Informacoes sobre ordens
| Nome do Produto | Numero de Catalogo | UNID | Preco | Qde | FAVORITOS | |
Dvl-1/Dishevelled 1/DVL1 Plasmídeo duplo de Nickase (h) | sc-400785-NIC | 20 µg | $410.00 | |||
Dvl-1/Dishevelled 1/DVL1 Plasmídeo duplo de Nickase (h2) | sc-400785-NIC-2 | 20 µg | $410.00 |
DVL1 codifica a Dishevelled 1 (Dvl-1), uma proteína central de andaime citoplasmático que acopla os receptores Frizzled à sinalização Wnt a jusante. Por meio de interações reguladas e fosforilação, a DVL1 coordena programas transcricionais canônicos de Wnt/β-catenina, bem como vias não canônicas de polaridade celular planar e Wnt/Ca²⁺, que moldam a dinâmica do citoesqueleto, a polaridade e a migração celular. A atividade de DVL1 influencia o padrão de desenvolvimento, o comportamento de células com características de célula-tronco e a homeostase tecidual, e a sinalização Wnt–Dishevelled aberrante é frequentemente associada à proliferação e invasão desreguladas na biologia do câncer. Essas propriedades tornam DVL1 um alvo útil para dissecar o crosstalk entre vias, a montagem do sinalossoma e saídas de Wnt específicas do contexto em células humanas.

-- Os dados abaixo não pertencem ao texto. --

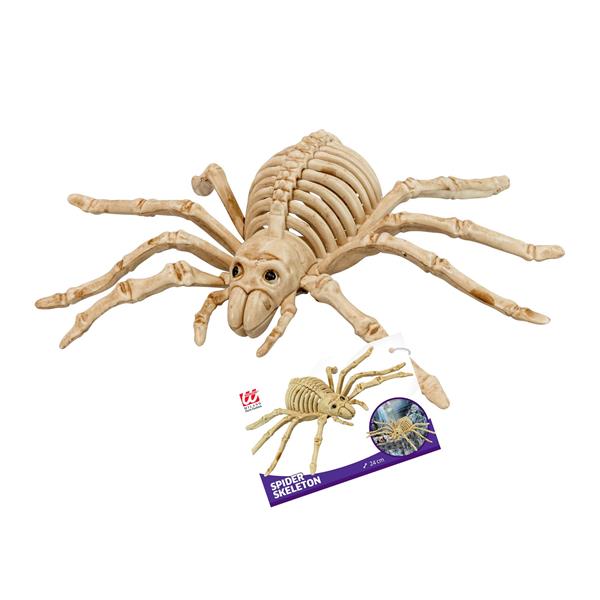 Grote foto halloween nep spin skelet 24cm verzamelen overige verzamelingen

Dvl-1/Dishevelled 1/DVL1 O Plasmídeo de Nickase Dupla (h) consiste num par de plasmídeos combinados, concebidos para a edição de alta especificidade do locus DVL1 em linhas celulares human. Cada plasmídeo expressa uma nickase Cas9 D10A e um sgRNA distinto que tem como alvo cadeias de ADN opostas dentro de DVL1. Quando direcionadas para locais adjacentes em cadeias de ADN opostas, as duas nickases geram cortes deslocados numa única cadeia que, em conjunto, produzem uma quebra escalonada de cadeia dupla, exigindo uma atividade coordenada no alvo por parte de ambas as guias. A quebra de ADN resultante é resolvida por vias de reparação celular endógenas, mais frequentemente através da junção de extremidades não homólogas (NHEJ), levando a inserções ou deleções que perturbam a função DVL1. Ao exigir o envolvimento de dois sgRNA no locus alvo, a abordagem de dupla nickase aumenta a especificidade da edição e fornece uma estratégia CRISPR complementar para aplicações em que se deseja um controlo adicional sobre a precisão do direcionamento.

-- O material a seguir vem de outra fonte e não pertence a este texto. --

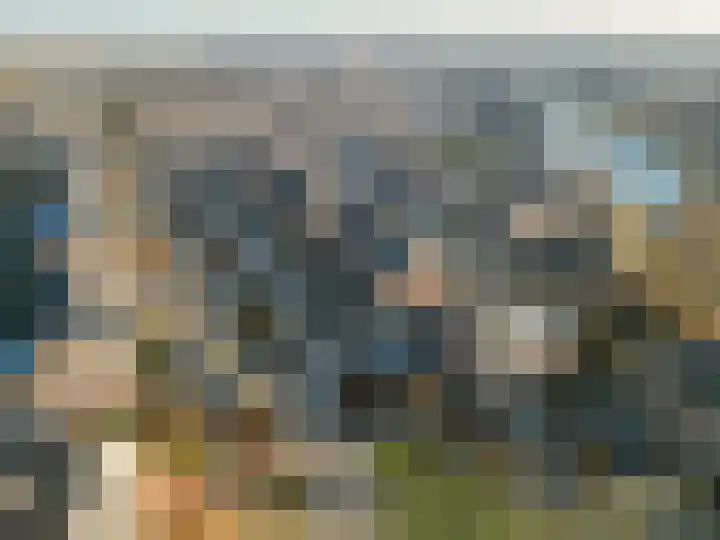 Bosbraam 18 Assen thumbnail 65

Para apoiar a identificação eficiente das células editadas, um plasmídeo codifica GFP para visualização fluorescente das populações transfectadas, enquanto o plasmídeo complementar transporta um gene de resistência à puromicina para seleção antibiótica. Em conjunto, estas características apoiam o enriquecimento eficiente das populações co-transfectadas e simplificam a validação dos clones com DVL1 interrompido.
Apenas para uso em investigação. Não se destina a uso diagnóstico ou terapêutico.